*** Opening of DATASET EXCERPT ***
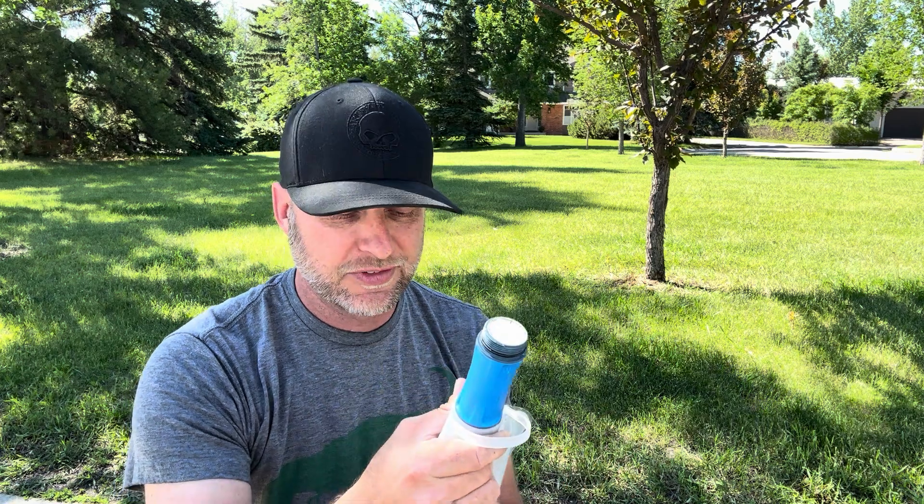Hey there, this is a public service announcement of sorts for Platypus filters. I live in Calgary, Alberta. It's July 2024.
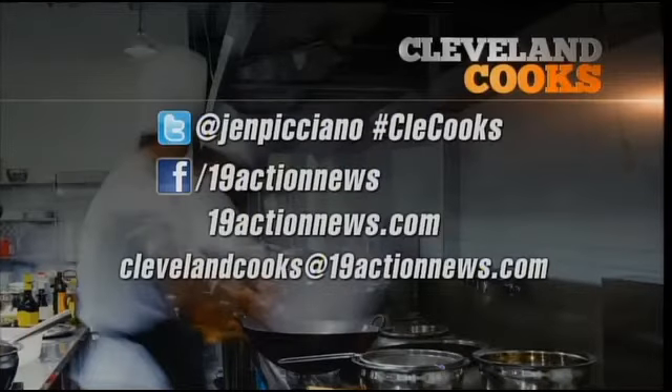Want to make your favorite restaurant dish next? Tweet Jen at Jen Picciano with the hashtag CLECooks, or send us an email at ClevelandCooks@19ActionNews.com. We'll see you next time!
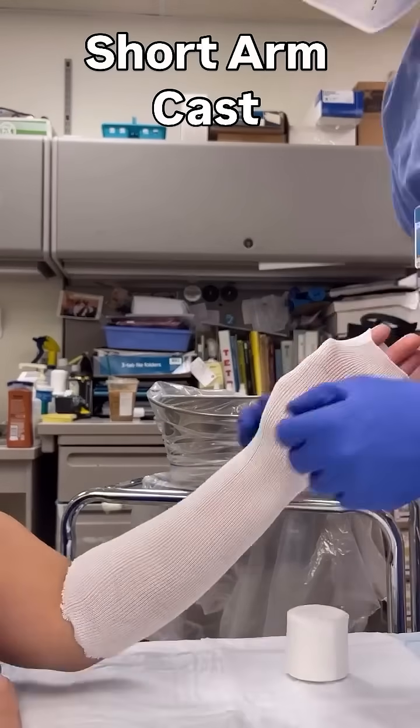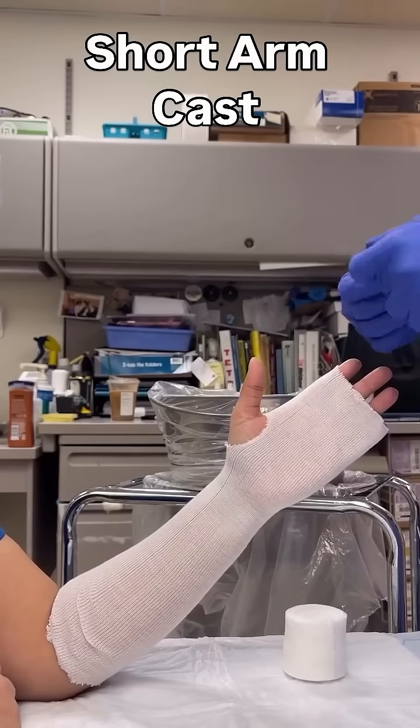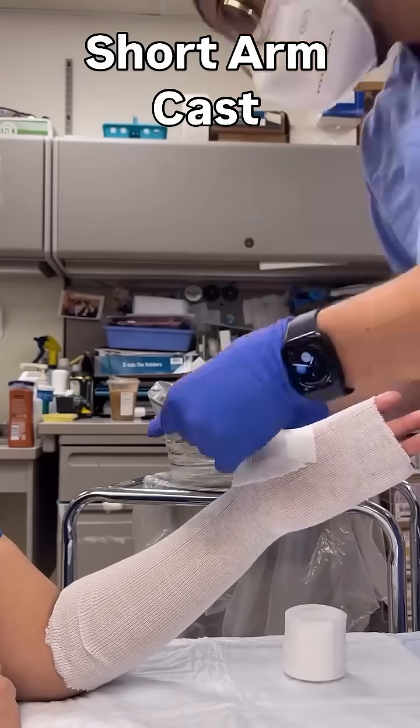Let's go over how to make a short arm cast. We start by placing a stockinette over the forearm and the hand. Make a little hole for the thumb to poke through, then add another strip of stockinette over the thumb to cover the web space. You can place some tape to secure it so it doesn't shift when you're wrapping with the web roll.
*** Close of DATASET EXCERPT ***
Output only the lines from the start of the data through the line that holds "Want to make". Keep them exact and leave the pictures out.

Hey there, this is a public service announcement of sorts for Platypus filters. I live in Calgary, Alberta. It's July 2024.
Want to make your favorite restaurant dish next? Tweet Jen at Jen Picciano with the hashtag CLECooks, or send us an email at ClevelandCooks@19ActionNews.com. We'll see you next time!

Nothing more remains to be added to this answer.